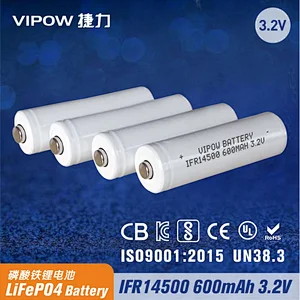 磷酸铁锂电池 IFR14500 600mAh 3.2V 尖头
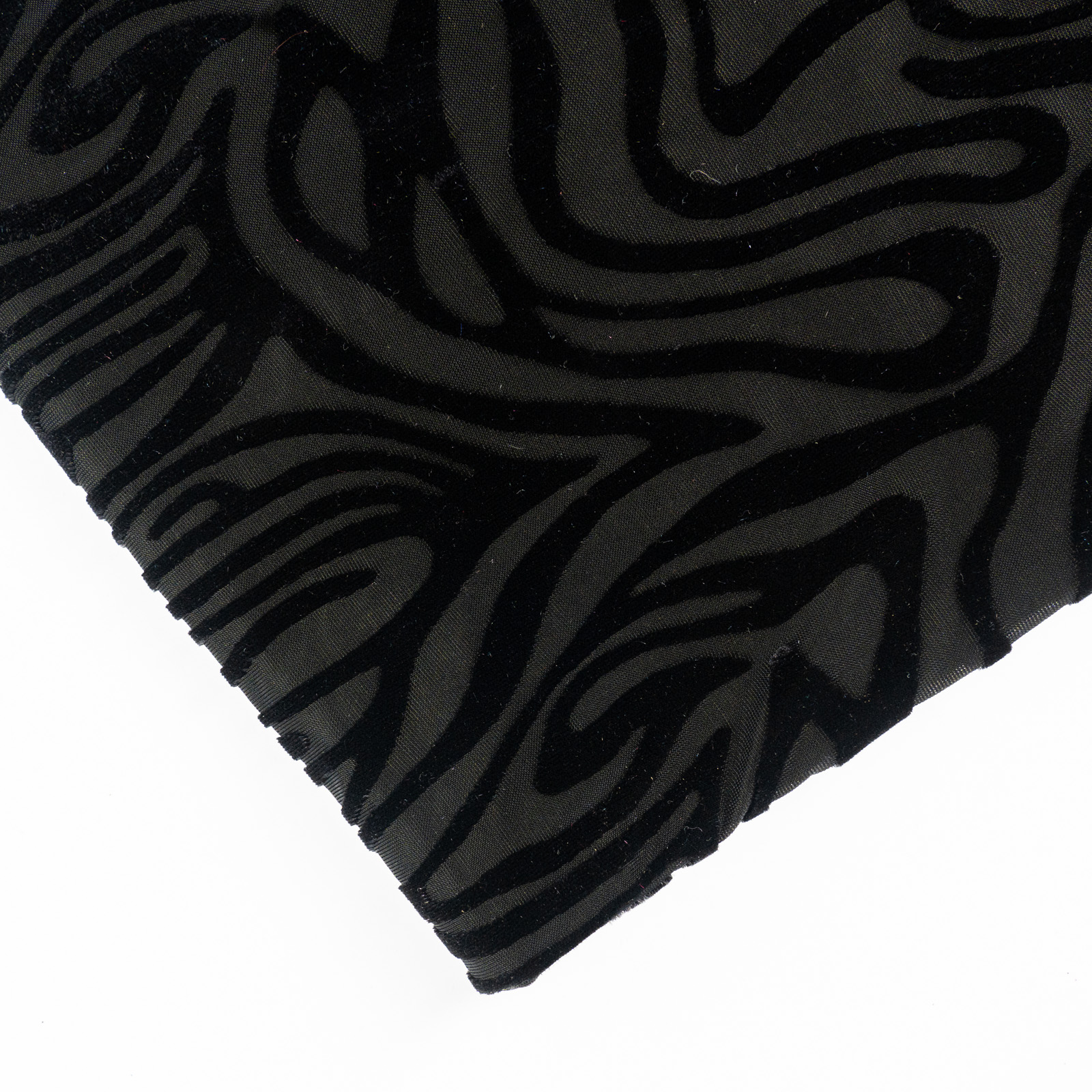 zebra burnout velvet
==
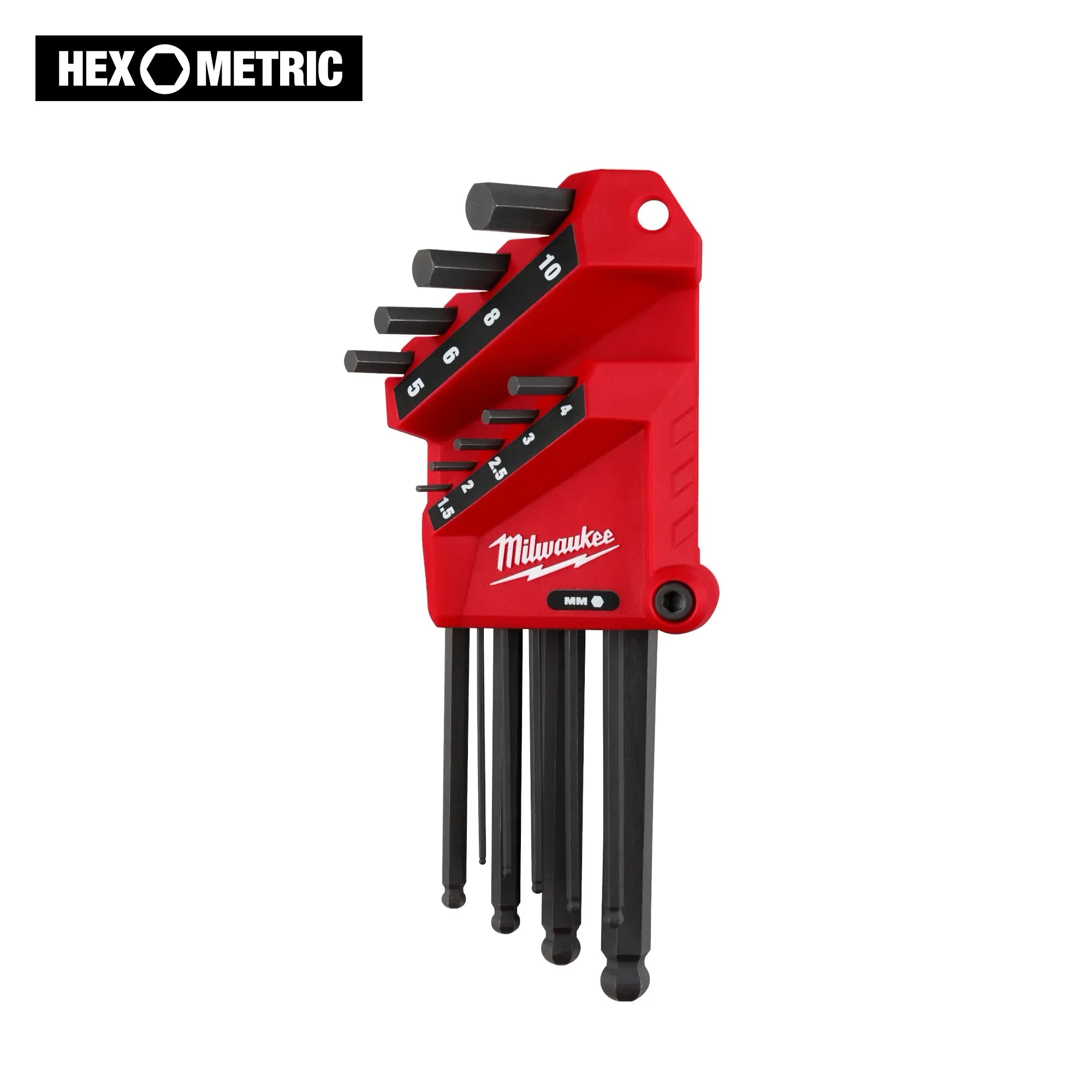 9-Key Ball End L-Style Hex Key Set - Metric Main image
--
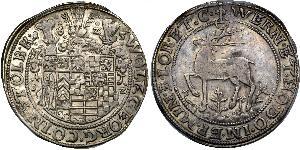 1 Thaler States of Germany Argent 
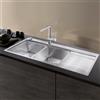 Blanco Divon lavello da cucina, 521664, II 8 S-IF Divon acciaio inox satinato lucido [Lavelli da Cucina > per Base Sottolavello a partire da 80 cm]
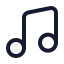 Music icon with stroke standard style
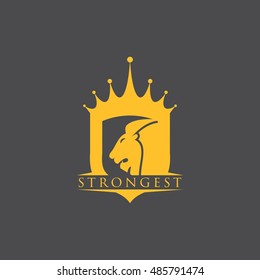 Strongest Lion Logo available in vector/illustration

### Aim of the exercise
In the listing above, find the line containing "Music icon with stroke standard style" and the line containing "Strongest Lion Logo", then output those two lines and everything between them exactly as written, without the images.

### Reply to the task
 Music icon with stroke standard style
 Strongest Lion Logo available in vector/illustration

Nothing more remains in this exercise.